→ **Material provided**

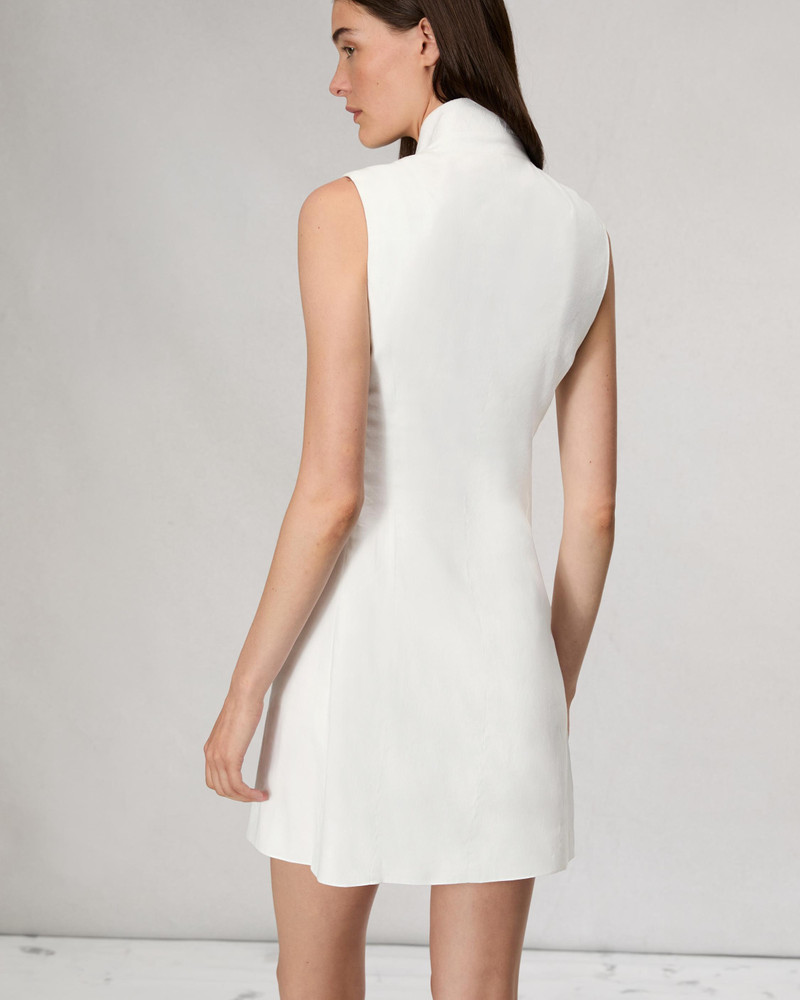 Slade Linen Vest Dress
Mini 5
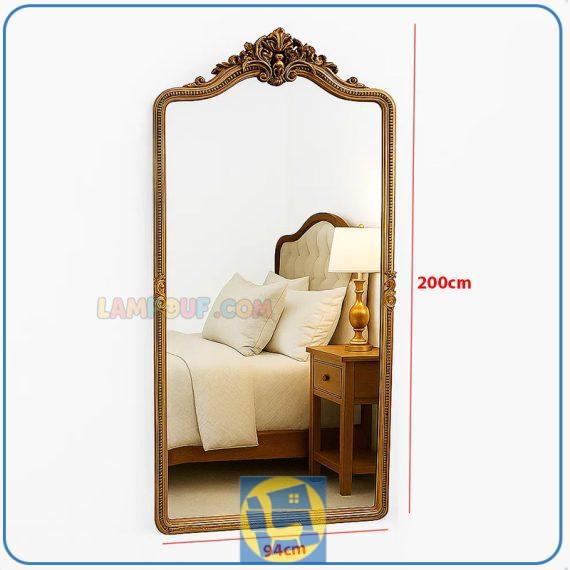 آینه قدی SMA1003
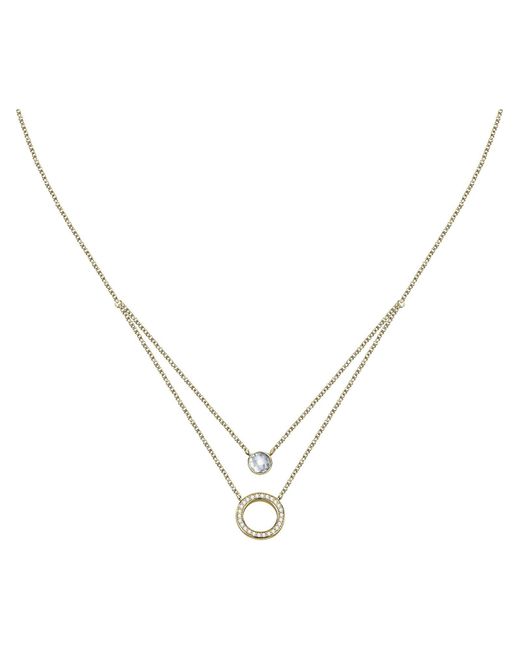 FAVS. Metallic Kette
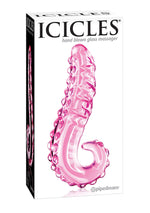 Pipedream Icicles No.24 Massager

→ **Instructions for the task**
All text in the material above must be written out exactly; the images are to be skipped.

→ **Answer for the task**
 Slade Linen Vest Dress
Mini 5
 آینه قدی SMA1003
 FAVS. Metallic Kette
 Pipedream Icicles No.24 Massager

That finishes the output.